AI-Powered PII Detection Engine
Built an ML + LLM system to automatically discover and classify sensitive data across codebases, databases, and SaaS integrations.
The Ghost PII Problem
Sensitive data does not stay where you put it. Engineers copy production email addresses into staging databases, log request bodies containing social security numbers, and pass API keys through third-party analytics tools — all without malicious intent. The result is “ghost PII”: personally identifiable information scattered across systems in ways that no one documents and compliance audits routinely miss. Traditional regex-based scanners catch the obvious patterns but fail on unstructured data, ambiguous fields, and the creative ways real-world systems handle sensitive information.

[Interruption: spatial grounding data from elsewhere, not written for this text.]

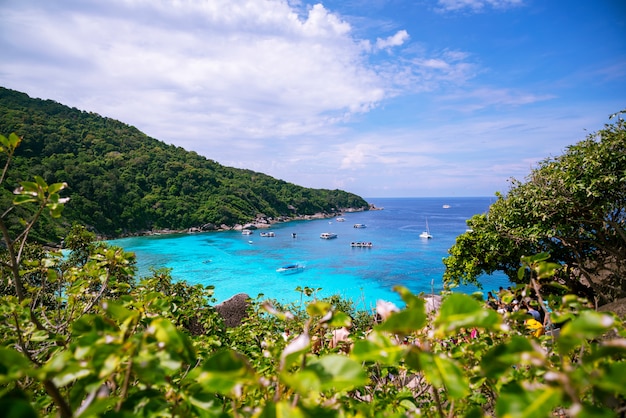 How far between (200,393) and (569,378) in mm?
767

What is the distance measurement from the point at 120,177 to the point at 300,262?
3831cm

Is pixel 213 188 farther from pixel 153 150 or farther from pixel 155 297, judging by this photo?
pixel 155 297

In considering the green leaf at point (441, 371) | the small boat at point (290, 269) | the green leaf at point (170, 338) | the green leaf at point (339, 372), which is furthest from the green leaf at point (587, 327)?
the small boat at point (290, 269)

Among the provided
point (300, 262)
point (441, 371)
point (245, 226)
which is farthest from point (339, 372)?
point (245, 226)

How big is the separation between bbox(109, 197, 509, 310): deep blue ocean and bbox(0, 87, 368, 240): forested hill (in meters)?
5.01

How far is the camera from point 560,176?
25.2 feet

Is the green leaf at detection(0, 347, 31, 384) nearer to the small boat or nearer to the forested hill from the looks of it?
the small boat

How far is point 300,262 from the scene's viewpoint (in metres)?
35.4

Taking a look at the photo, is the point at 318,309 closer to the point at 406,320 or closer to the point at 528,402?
the point at 406,320

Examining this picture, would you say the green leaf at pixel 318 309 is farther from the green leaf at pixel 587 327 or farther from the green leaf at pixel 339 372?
the green leaf at pixel 587 327

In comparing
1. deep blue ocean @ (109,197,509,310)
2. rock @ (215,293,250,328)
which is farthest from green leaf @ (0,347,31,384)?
deep blue ocean @ (109,197,509,310)

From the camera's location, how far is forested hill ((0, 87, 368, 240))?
4344cm

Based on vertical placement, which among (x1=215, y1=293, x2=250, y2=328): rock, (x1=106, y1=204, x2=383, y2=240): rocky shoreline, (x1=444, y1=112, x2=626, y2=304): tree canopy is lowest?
(x1=106, y1=204, x2=383, y2=240): rocky shoreline

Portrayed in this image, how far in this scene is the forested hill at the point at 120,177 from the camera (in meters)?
43.4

Multi-Stage Detection Pipeline
I designed the detection engine around a three-stage pipeline that balances precision, recall, and cost. The first stage applies fast heuristic classifiers and pattern matchers to identify candidate fields across codebases, databases, and SaaS integrations. Candidates then pass through a Named Entity Recognition (NER) model trained on data-privacy-specific labels, filtering out false positives from the heuristic stage. The final stage sends ambiguous cases to an LLM for contextual review, where the model evaluates field names, surrounding schema, and sample values to make a classification decision. This layered approach keeps LLM costs low while maintaining high accuracy on edge cases.
Zero-Config Discovery
A key design principle was zero-config operation. The engine performs AST analysis on application code to identify ORM patterns and trace how data flows from models to API endpoints to external services. Teams connect their repositories and databases, and the system builds a map of where sensitive data lives and how it moves — without requiring engineers to annotate schemas or maintain data inventories. This approach surfaces PII in places that manual audits consistently overlook: log pipelines, caching layers, and third-party webhook payloads.
Impact
The system reduced compliance audit preparation cycles by 40%, primarily by eliminating the manual data discovery phase that previously consumed the bulk of audit effort. Security teams shifted from periodic sweeps to continuous monitoring, catching new PII exposure within hours of deployment rather than at the next quarterly review.
The hardest PII to protect is the PII you do not know exists. Automated discovery turns compliance from a periodic scramble into a continuous posture.